Please print the line that holds "A dark brown, rectangular" and each line after it to the end of the data, word for word, without any pictures.

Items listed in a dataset
____________

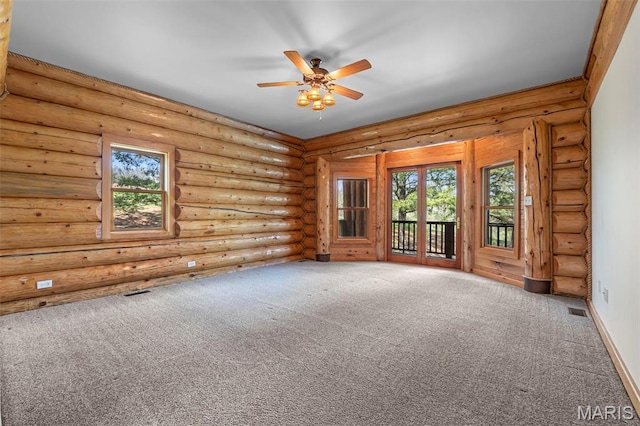 3333 State Highway 177, Cape Girardeau, MO 63701 - carpeted spare room featuring plenty of natural light, a ceiling fan, and log walls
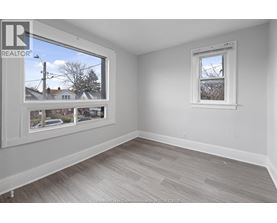 A room with a large window and a smaller window on the wall.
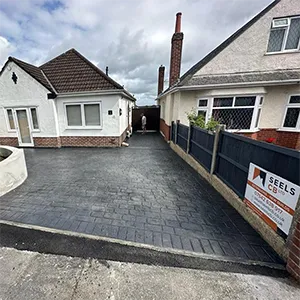 a house with a driveway and a fence in front of it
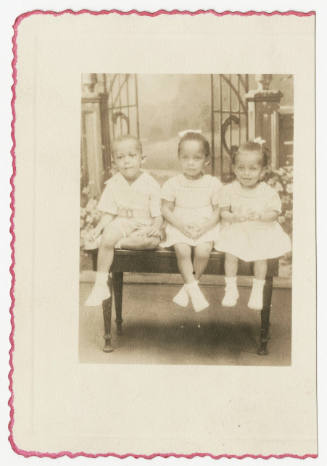 [Three young children seated in a studio]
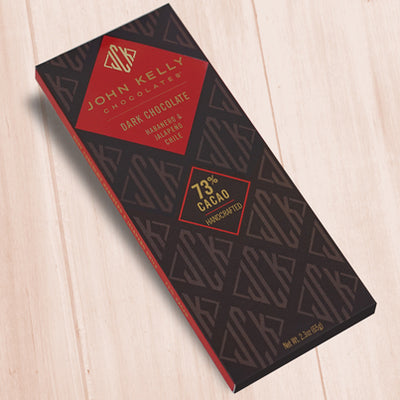 A dark brown, rectangular box. There is a red diamond on it that holds a John Kelly Chocolates logo and the product name.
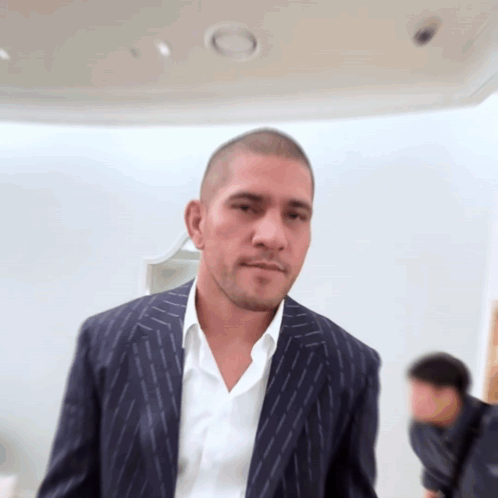 A Man In A Suit And White Shirt Stands In Front Of A White Wall GIF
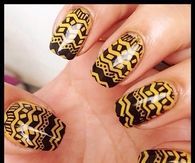 Yellow and black aztec nails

____________

> [Reply to the exercise]
 A dark brown, rectangular box. There is a red diamond on it that holds a John Kelly Chocolates logo and the product name.
 A Man In A Suit And White Shirt Stands In Front Of A White Wall GIF
 Yellow and black aztec nails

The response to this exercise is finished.